--- RECORDS PROVIDED Enclosed Below ---

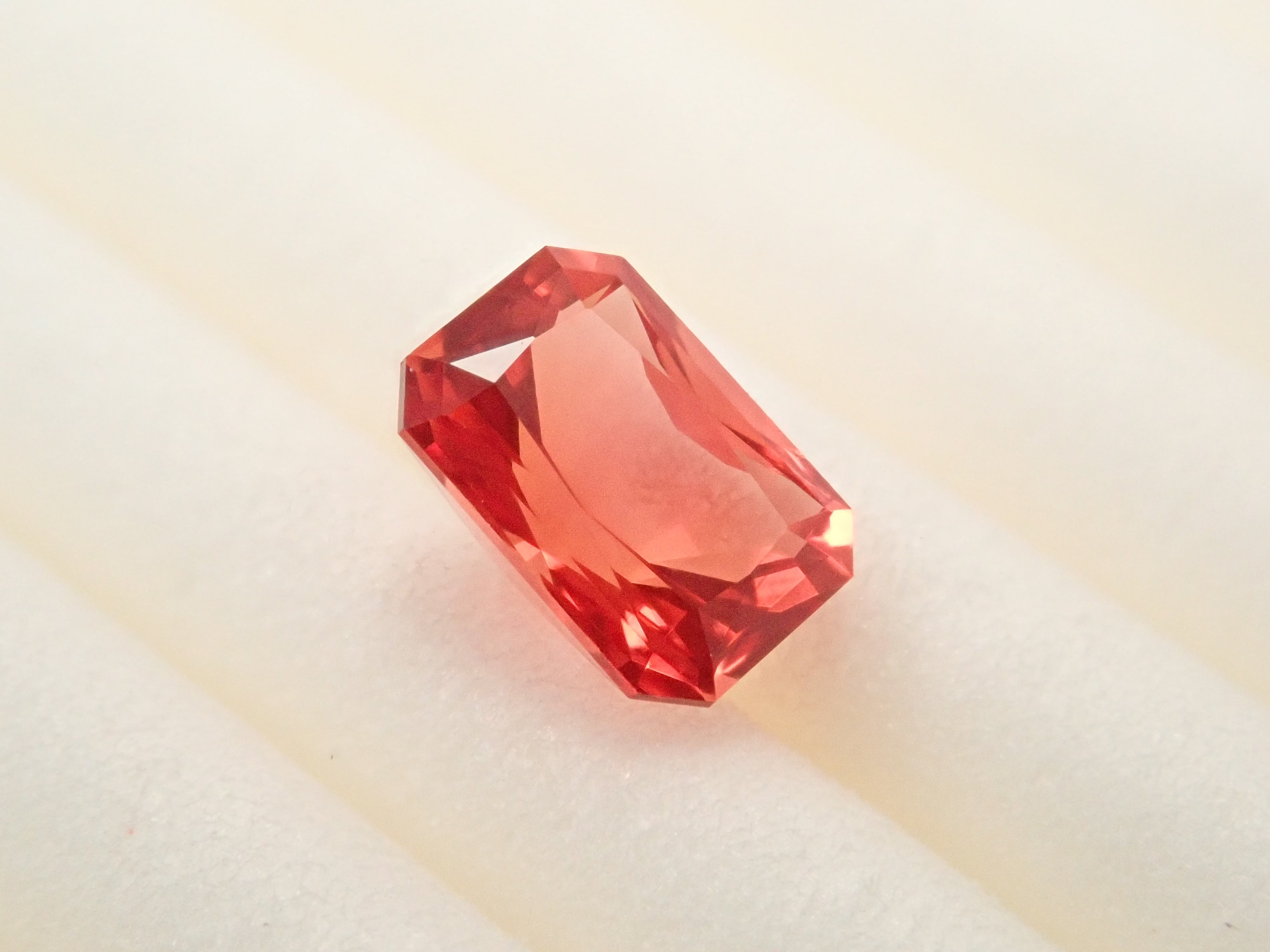 【12561308掲載】アメリカ産オレゴンサンストーン 0.428ctルース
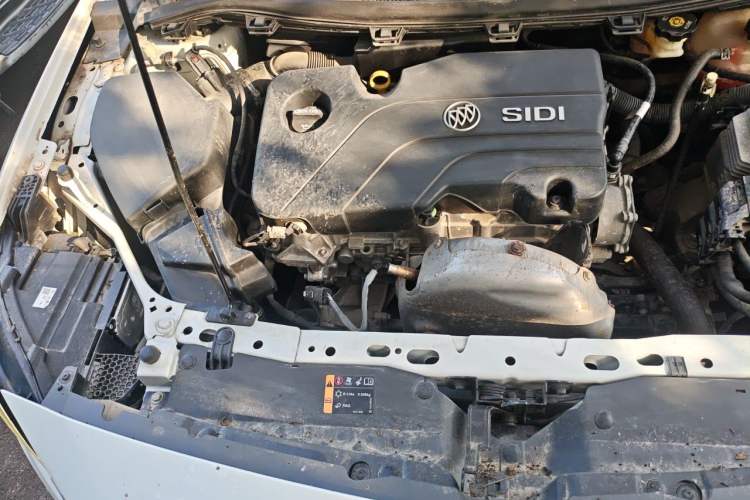 Used Buick Verano 2019 Sedan 15S Automatic Leading Model Engine Bay Right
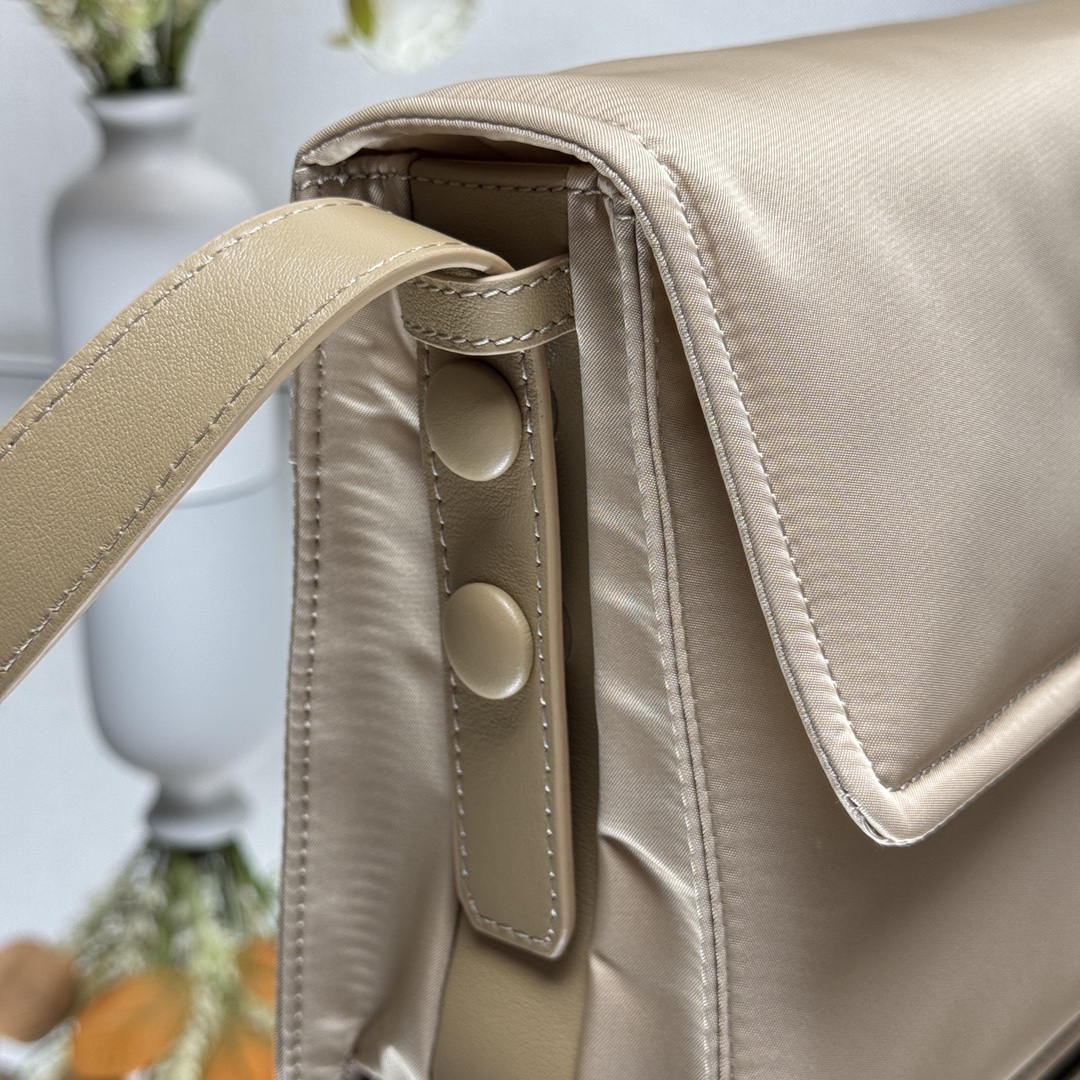Prada bag-101
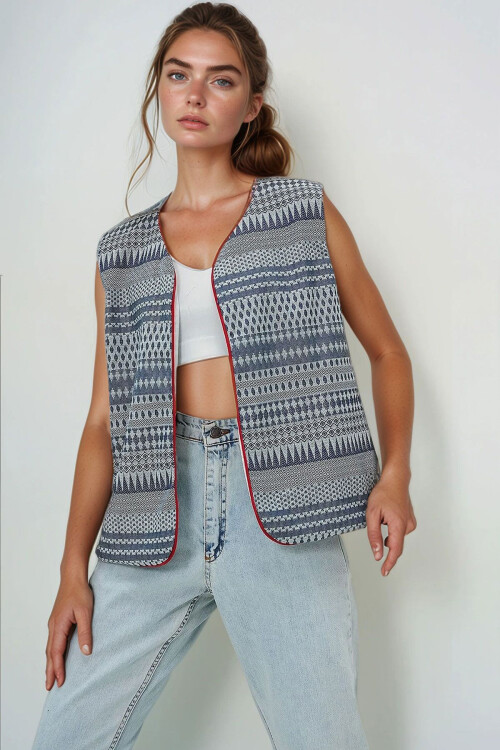 Lacivert Renkli Biye Detaylı Etnik Desenli Dokuma Yelek BCHESQ-251072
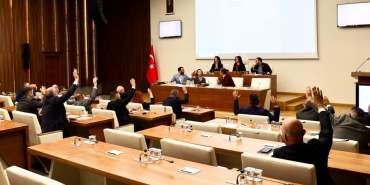 SON DAKİKA Beykoz Belediye Meclisi’nde kriz!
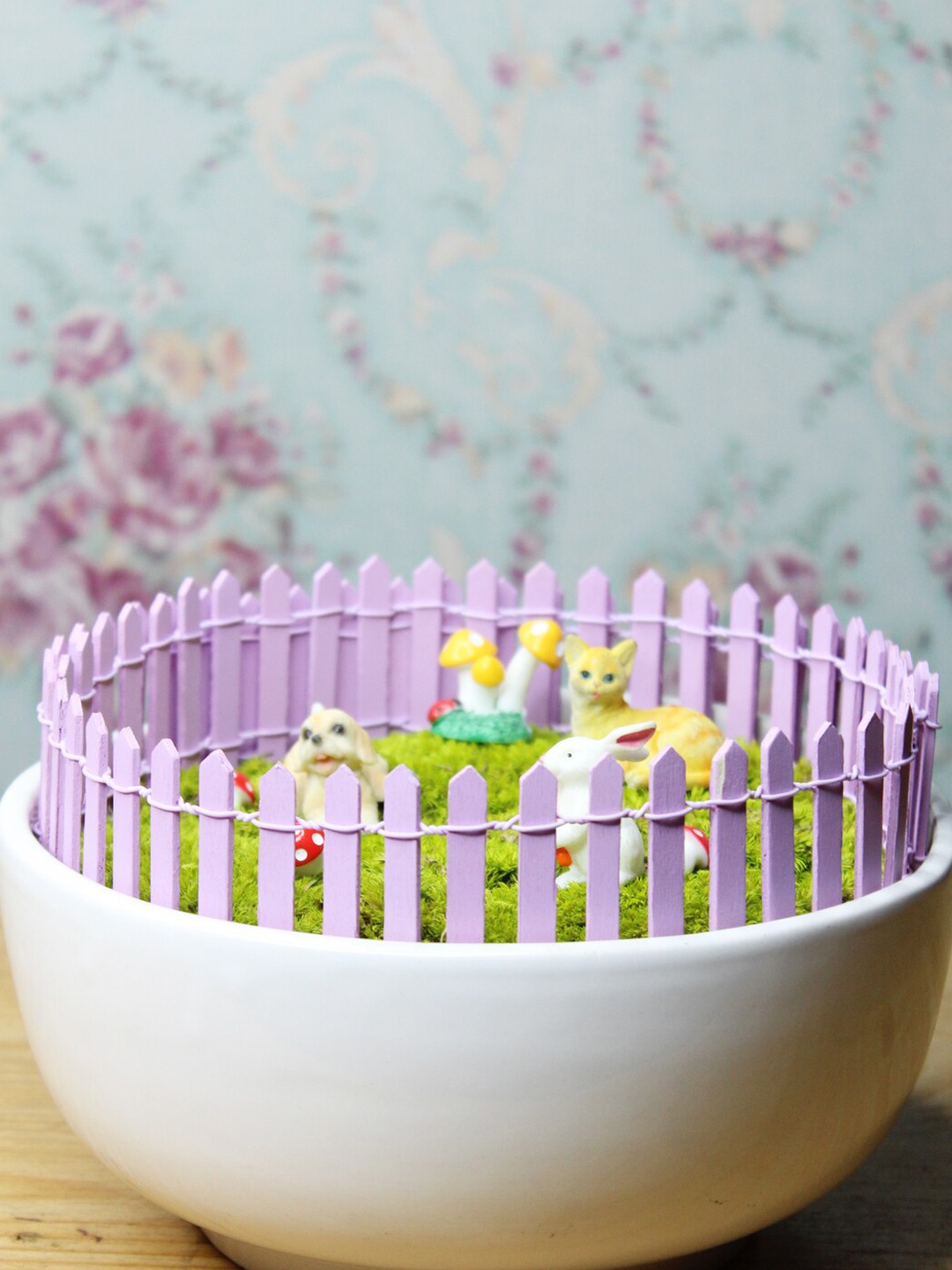 

Wonderland Purple & White Set of 2 Miniature Toys Long Fence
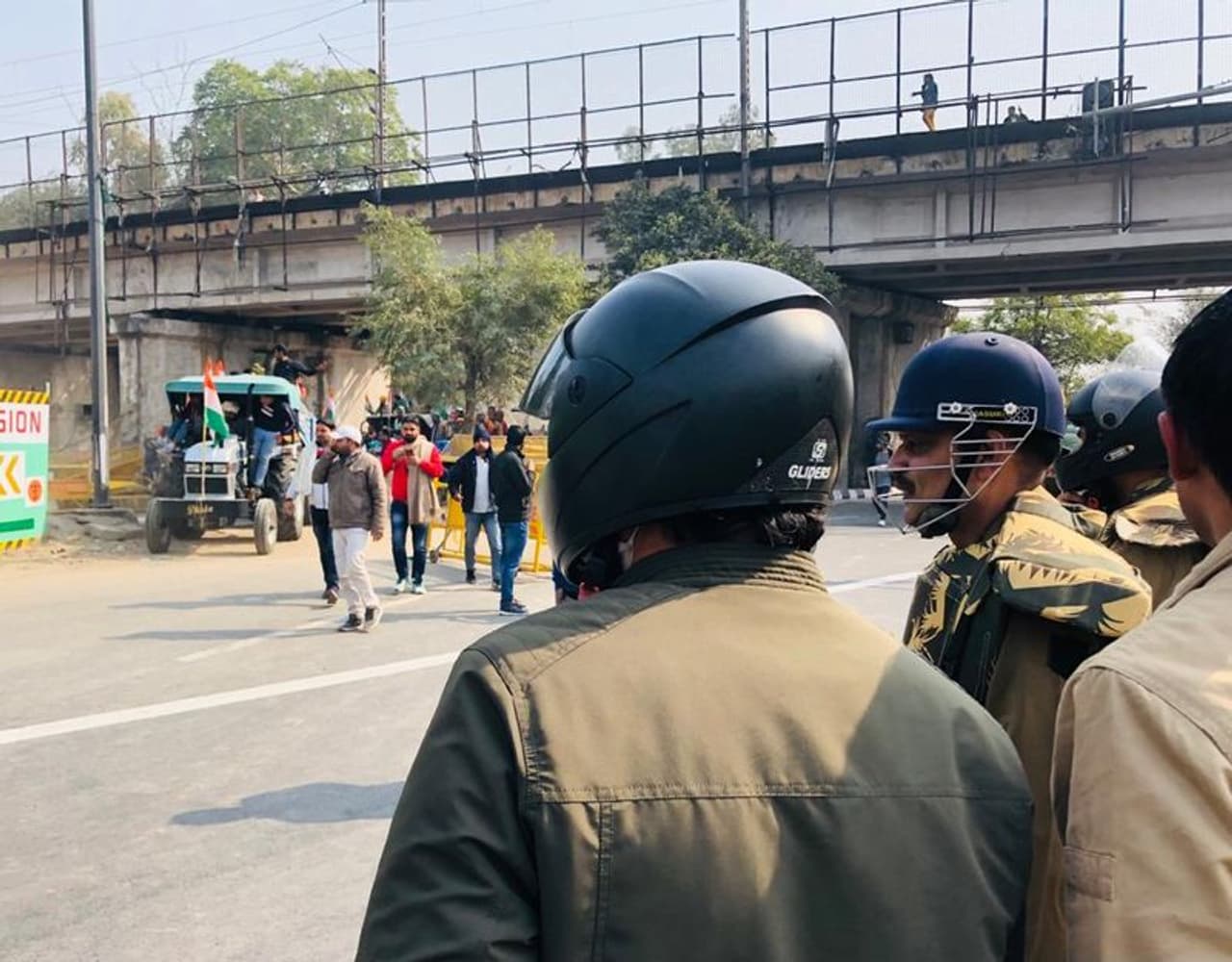 <p>സംയുക്ത കിസാന്‍ മോര്‍ച്ചാ നേതാക്കള്‍ ഇന്നലെ ഉച്ചയ്ക്ക് തന്നെ ധാരണ തെറ്റിച്ചുള്ള പരേഡിനെതിരെ രംഗത്ത് വന്നിരുന്നു. സംഘര്‍ഷത്തെയും നേതാക്കള്‍ തള്ളിപ്പറഞ്ഞിരുന്നു. കിസാന്‍ മസ്ദൂര്‍ സംഘര്‍ഷ് കമ്മറ്റിയില്‍പ്പെട്ട ആളുകളാണ് സമാധാനപരമായി തുടങ്ങാനിരുന്ന റാലിയില്‍ സംഘര്‍ഷം സൃഷ്ടിച്ചതെന്നായിരുന്നു സംയുക്ത കിസാന്‍ സഭയുടെ ആരോപണം.</p>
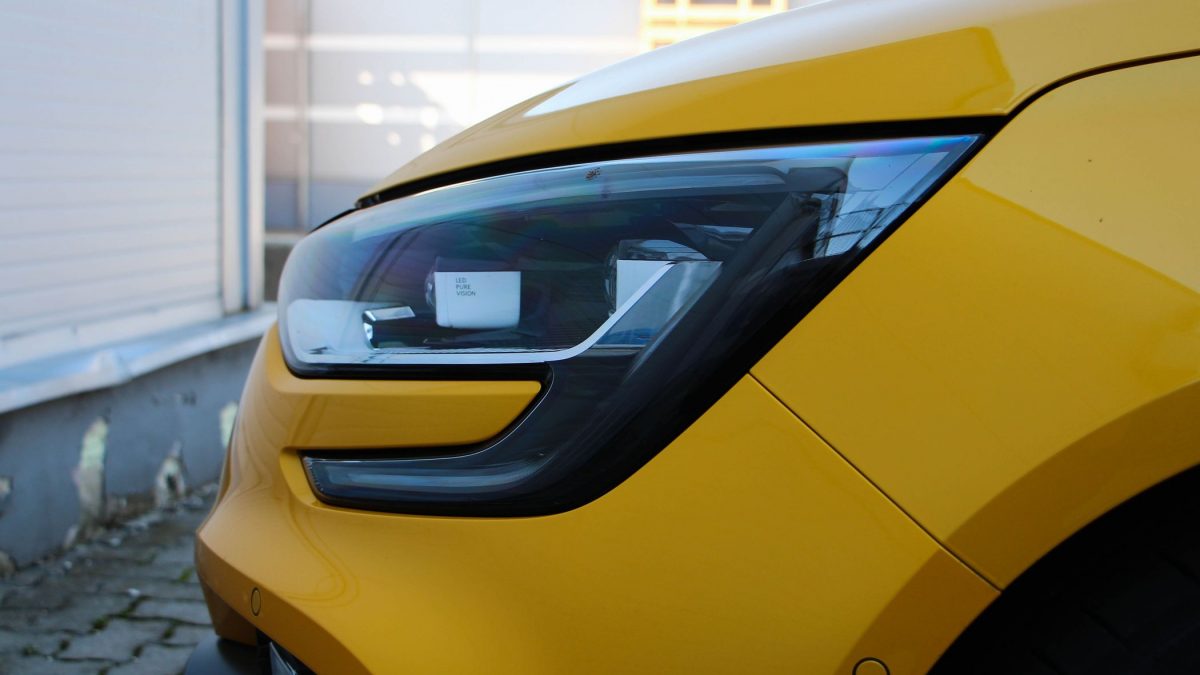RENAULT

--- End of Enclosed RECORDS PROVIDED ---

__EXERCISE BRIEF__
Give back exactly the lines from the line with "<p>സംയുക്ത കിസാന്‍ മോര്‍ച്ചാ" through the end of the material above, inclusive, with no pictures.

__EXERCISE SOLUTION__
 <p>സംയുക്ത കിസാന്‍ മോര്‍ച്ചാ നേതാക്കള്‍ ഇന്നലെ ഉച്ചയ്ക്ക് തന്നെ ധാരണ തെറ്റിച്ചുള്ള പരേഡിനെതിരെ രംഗത്ത് വന്നിരുന്നു. സംഘര്‍ഷത്തെയും നേതാക്കള്‍ തള്ളിപ്പറഞ്ഞിരുന്നു. കിസാന്‍ മസ്ദൂര്‍ സംഘര്‍ഷ് കമ്മറ്റിയില്‍പ്പെട്ട ആളുകളാണ് സമാധാനപരമായി തുടങ്ങാനിരുന്ന റാലിയില്‍ സംഘര്‍ഷം സൃഷ്ടിച്ചതെന്നായിരുന്നു സംയുക്ത കിസാന്‍ സഭയുടെ ആരോപണം.</p>
RENAULT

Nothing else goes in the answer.